### Data section
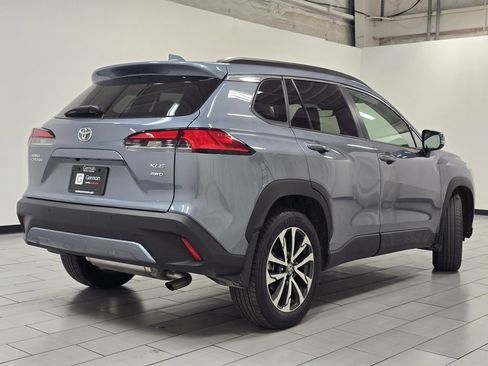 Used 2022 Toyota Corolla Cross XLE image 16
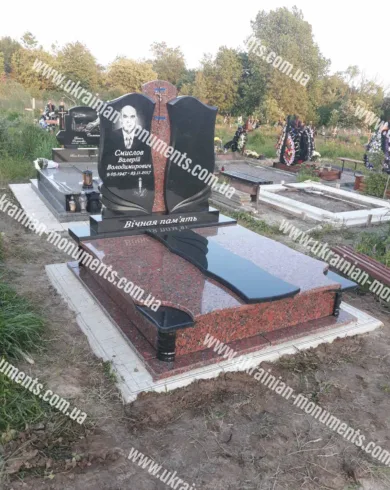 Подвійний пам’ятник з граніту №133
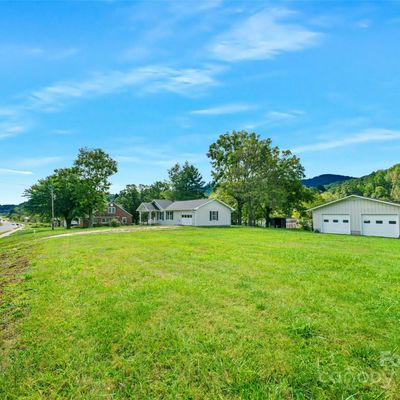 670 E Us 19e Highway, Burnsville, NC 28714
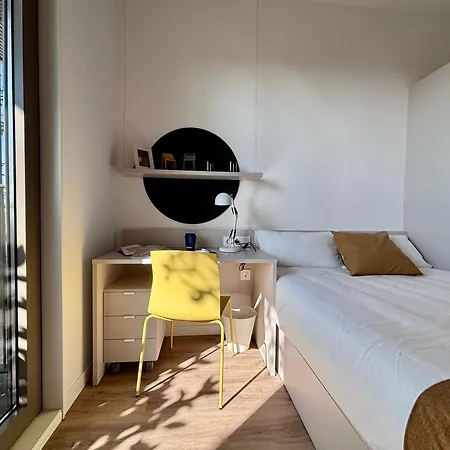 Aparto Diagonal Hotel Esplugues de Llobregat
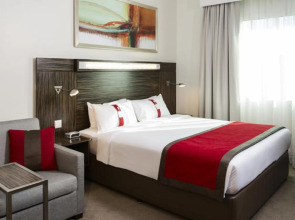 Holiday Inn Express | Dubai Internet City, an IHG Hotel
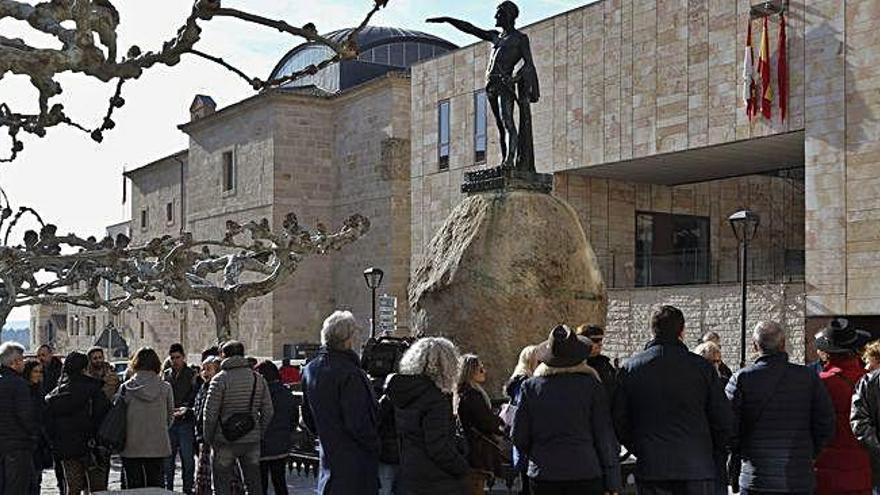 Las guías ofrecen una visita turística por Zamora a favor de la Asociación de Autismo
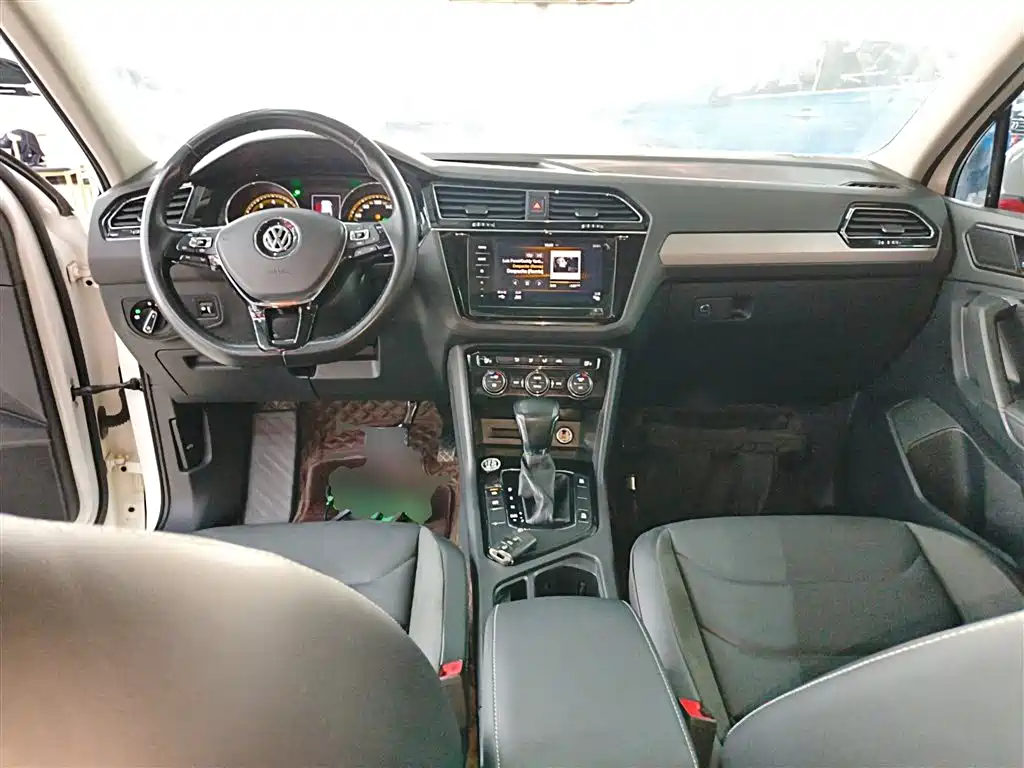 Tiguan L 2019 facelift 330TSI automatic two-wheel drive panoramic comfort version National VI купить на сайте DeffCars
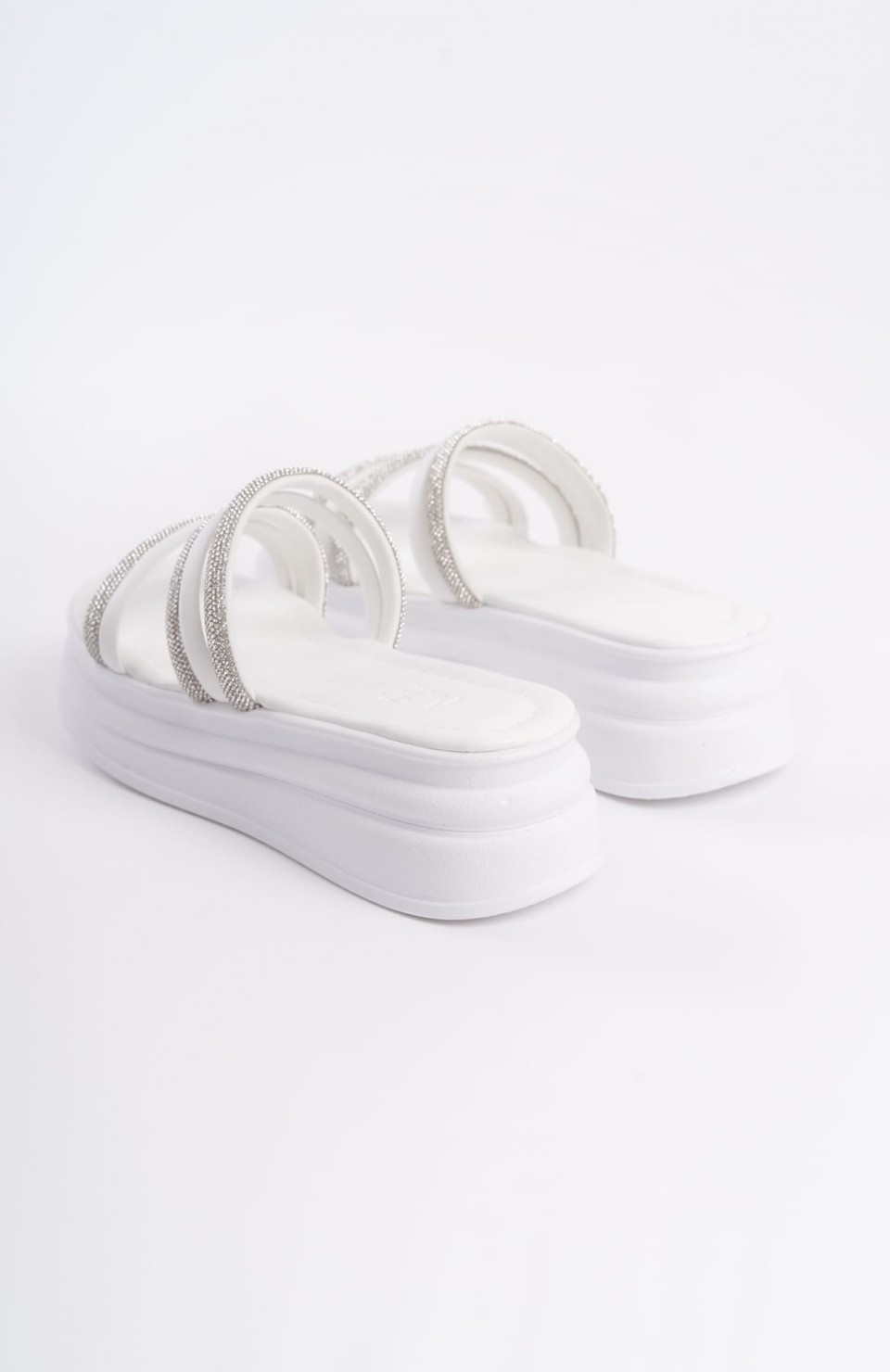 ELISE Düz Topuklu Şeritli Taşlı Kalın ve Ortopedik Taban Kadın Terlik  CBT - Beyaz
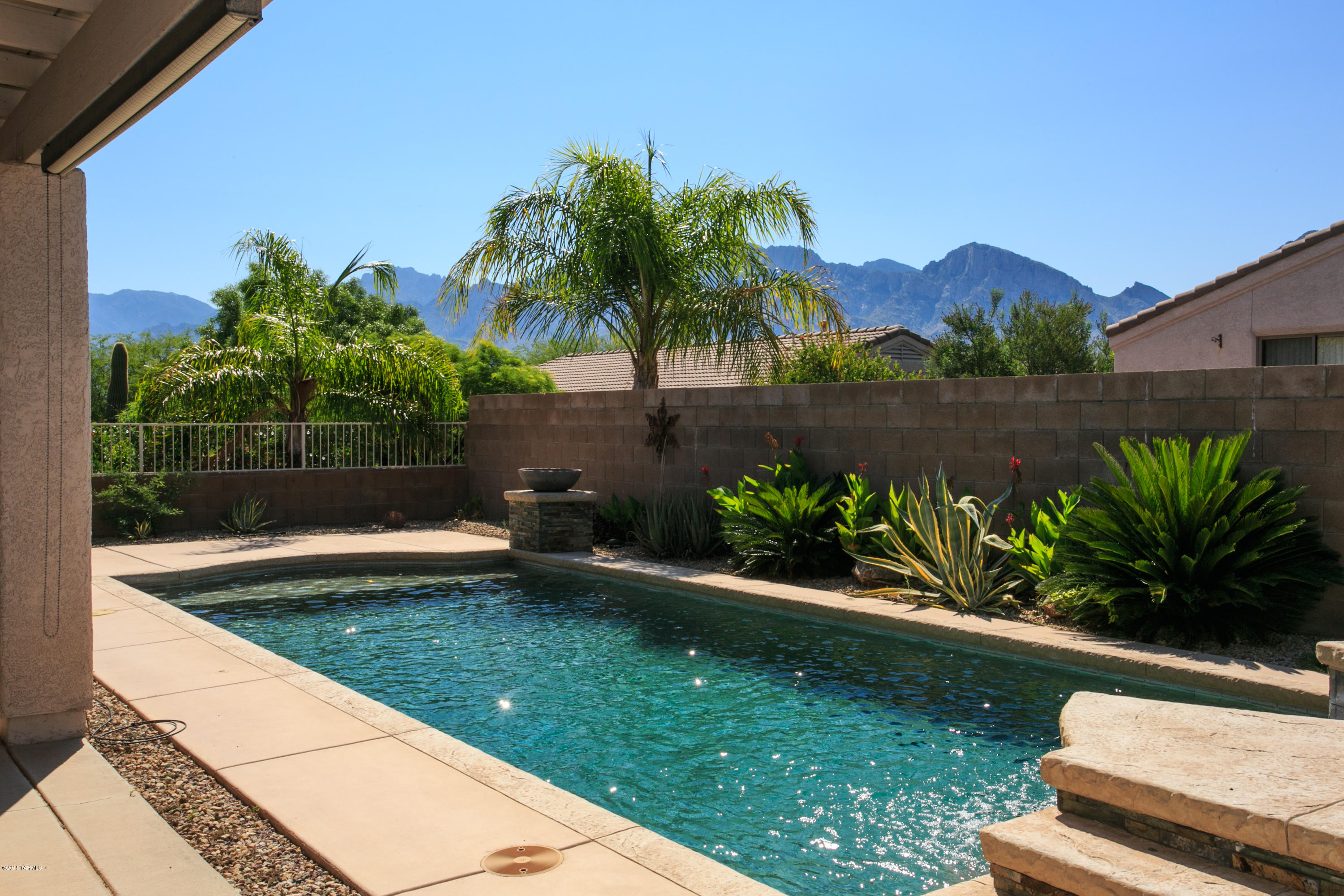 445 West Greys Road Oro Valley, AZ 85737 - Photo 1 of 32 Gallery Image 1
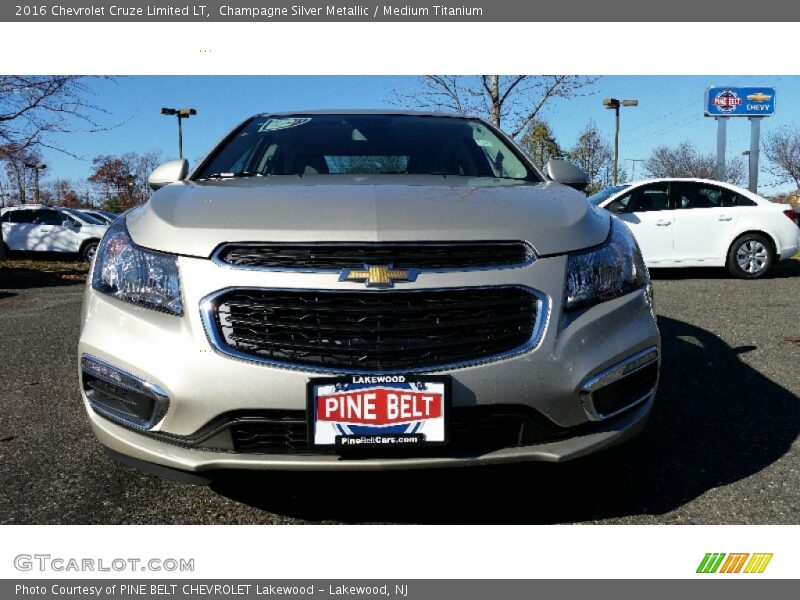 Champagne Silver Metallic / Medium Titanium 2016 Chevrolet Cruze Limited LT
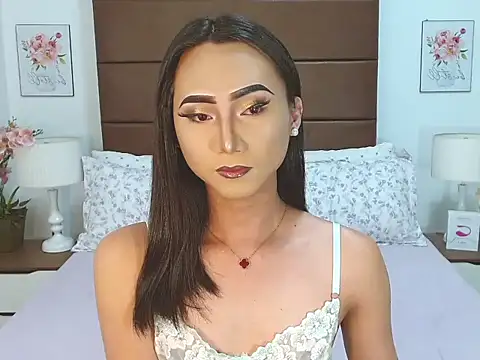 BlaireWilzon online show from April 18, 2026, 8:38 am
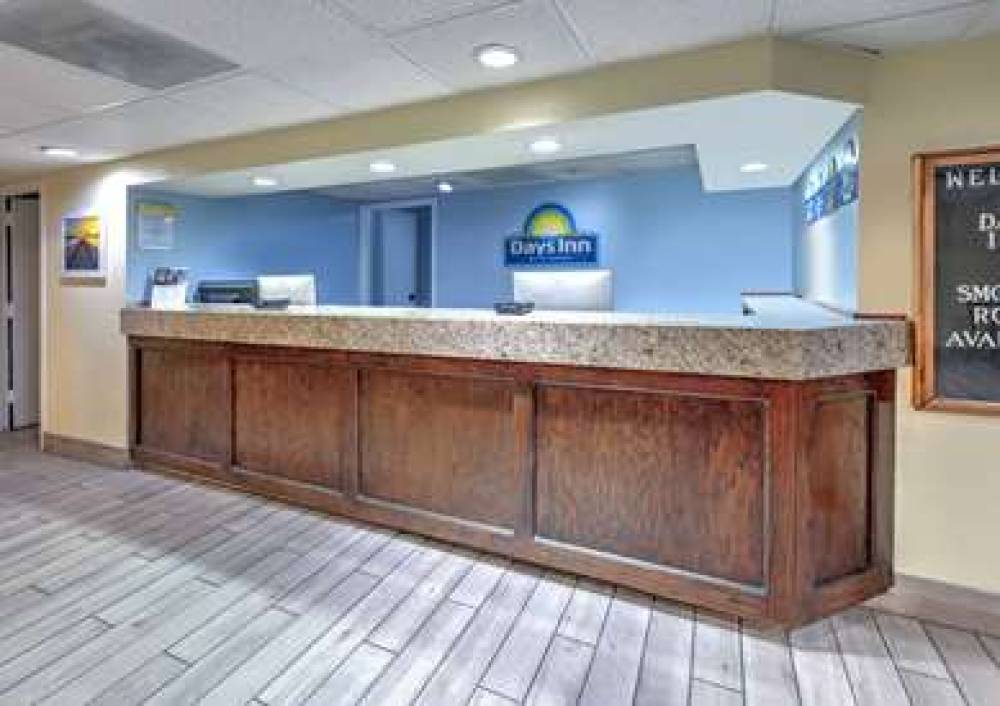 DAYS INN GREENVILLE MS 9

### Exercise details
Leaving out only the pictures, reproduce the listing exactly.

### Answer section
 Used 2022 Toyota Corolla Cross XLE image 16
 Подвійний пам’ятник з граніту №133
 670 E Us 19e Highway, Burnsville, NC 28714
 Aparto Diagonal Hotel Esplugues de Llobregat
 Holiday Inn Express | Dubai Internet City, an IHG Hotel
 Las guías ofrecen una visita turística por Zamora a favor de la Asociación de Autismo
 Tiguan L 2019 facelift 330TSI automatic two-wheel drive panoramic comfort version National VI купить на сайте DeffCars
 ELISE Düz Topuklu Şeritli Taşlı Kalın ve Ortopedik Taban Kadın Terlik  CBT - Beyaz
 445 West Greys Road Oro Valley, AZ 85737 - Photo 1 of 32 Gallery Image 1
 Champagne Silver Metallic / Medium Titanium 2016 Chevrolet Cruze Limited LT
 BlaireWilzon online show from April 18, 2026, 8:38 am
 DAYS INN GREENVILLE MS 9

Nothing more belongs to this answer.